Em reunião realizada na tarde desta terça, líderes de partidos decidiram não votar Marco Civil nesta semana  - Laycer Tomaz/Agência Câmara
Em reunião realizada na tarde desta terça, líderes de partidos decidiram não votar Marco Civil nesta semana Imagem: Laycer Tomaz/Agência Câmara

Fernanda Calgaro

Do UOL, em Brasília

12/11/2013 17h00

Após reunião na tarde desta terça-feira (12), líderes dos partidos na Câmara informaram que não vão votar nada nesta semana por conta de um compromisso assumido com o Palácio do Planalto de se chegar antes a um consenso do piso dos agentes comunitários de saúde. Com isso, a votação do Marco Civil e dos destaques do Código de Processo Civil devem ficar para a próxima semana.

O presidente da Câmara, deputado Henrique Eduardo Alves (PMDB-RN), afirmou que da semana que vem não deve passar: "Agora ou vota ou vota".

O líder do governo na Câmara, Arlingo Chinaglia (PT-SP), disse que o adiamento das votações foi uma decisão política. Segundo ele, aguardar o consenso sobre o piso dos agentes foi um compromisso assumido por alguns líderes e por Alves, presidente da Casa.

A votação do piso dos agentes é um dos itens da chamada "pauta-bomba" na Câmara, porque pode implicar em gastos indesejados para o governo. 

Líderes da oposição criticaram a decisão da Câmara de adiar a votação.  O deputado Mendonça Filho (PE), líder interino do DEM, falou que o Marco Civil já está pronto para ser votado e que o que existe é uma "briga política". O líder do PSDB, deputado Carlos Sampaio (SP), disse que tem alguns pontos que precisam ser ajustados no texto, e que a ideia é chegar a um consenso.

Considerado uma espécie de "Constituição" da internet, o projeto de lei estabelece princípios, garantias, direitos e deveres para o uso da rede no Brasil. Já a neutralidade defende tratamento igualitário de todo o tráfego de internet por parte das operadoras de internet fixa e móvel.

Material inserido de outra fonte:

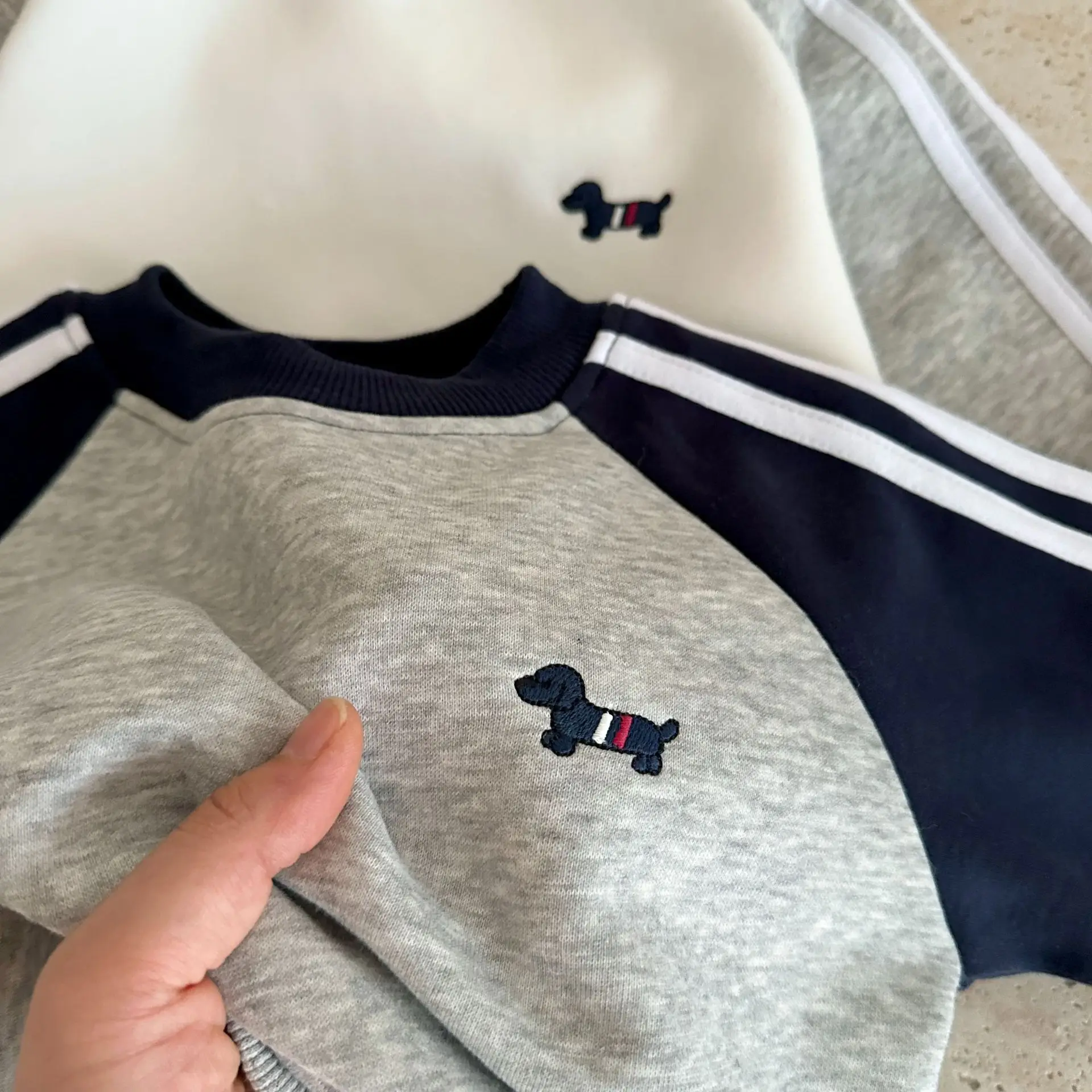 Boys Sweatshirt Spring Autumn Embroidered Long Sleeve T-Shirt - Image 7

Na prática, isso impediria que essas empresas vendessem pacotes limitados (como acesso restrito a redes sociais).

Alterações técnicas
Pela manhã, José Eduardo Cardozo (ministro da Justiça) e Ideli Salvatti (ministra das Relações Institucionais) se reuniram na Câmara dos Deputados com líderes da base aliada para discutir os impasses do Marco Civil. Cardozo disse que o governo aceitará fazer modificações na redação do projeto de lei, sem que isso prejudique questões caras ao Planalto, como a neutralidade.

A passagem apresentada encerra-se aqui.